Marriage equality took a step backwards in Wisconsin Friday, after U.S. District Court Judge Barbara Crabb placed a stay on her previous ruling, effectively halting same-sex marriage in Wisconsin, at least for the time being. The move isn't anything too new — only a week after Arkansas's gay marriage ban was struck down, the Arkansas Supreme Court stayed its ruling while the case made its way through appeals. Back in January, the same thing happened in Utah. There's just no easy step forward, it seems.

Last week, Judge Crabb ruled that Wisconsin's ban on gay marriage was unconstitutional, leading hundreds of couples to excitedly rush to tie the knot — 60 of 72 Wisconsin counties issued marriage licenses to over 500 happy newlyweds, according to the AP. But the judge's judgment was in some ways vague, especially regarding exactly when the state could begin issuing same-sex marriage licenses.

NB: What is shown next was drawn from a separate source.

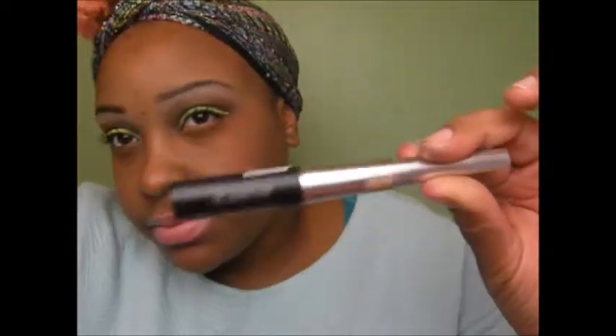Now I'm going in with my absolute eyeliner. I'm going to apply a thin liner to the bottom of my green, so that you can still see the green. And that is the completed look.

Some clerks were therefore wary of doing anything before the judge issued an injunction — the thing telling officials what they were allowed to do — and so, almost immediately, state officials sent Judge Crabb a request for clarification. Instead of responding, though, the judge scheduled a hearing for the following Monday, effectively allowing LGBT couples to continue getting married over the weekend.

Republican Attorney General J.B Van Hollen, apparently not happy with the judge's delaying tactics, chose to ask a federal appeals court panel in Chicago to issue a stay instead — in the end, Crabb was forced to give in to the pressure, and release both an injunction and a stay. But she wasn't happy about it. In her order Friday, she wrote:

“After seeing the expressions of joy on the faces of so many newly wedded couples featured in media reports, I find it difficult to impose a stay on the event that is responsible for eliciting that emotion, even if the stay is only temporary ... Same-sex couples have waited many years to receive equal treatment under the law, so it is understandable that they do not want to wait any longer. However, a federal district court is required to follow the guidance provided by the Supreme Court.”
Bill Pugliano/Getty Images News/Getty Images

While the setback must be crushing for the state's LGBT community, if the rest of the country is anything to go by, the disappointment will only be temporary. A month ago, a federal judge struck down Idaho’s gay marriage ban, and just over three weeks ago, a federal judge struck down the state’s gay marriage ban in Oregon. It shouldn't be too long before Wisconsin joins the other 19 states in finally — and permanently— giving its residents marriage equality.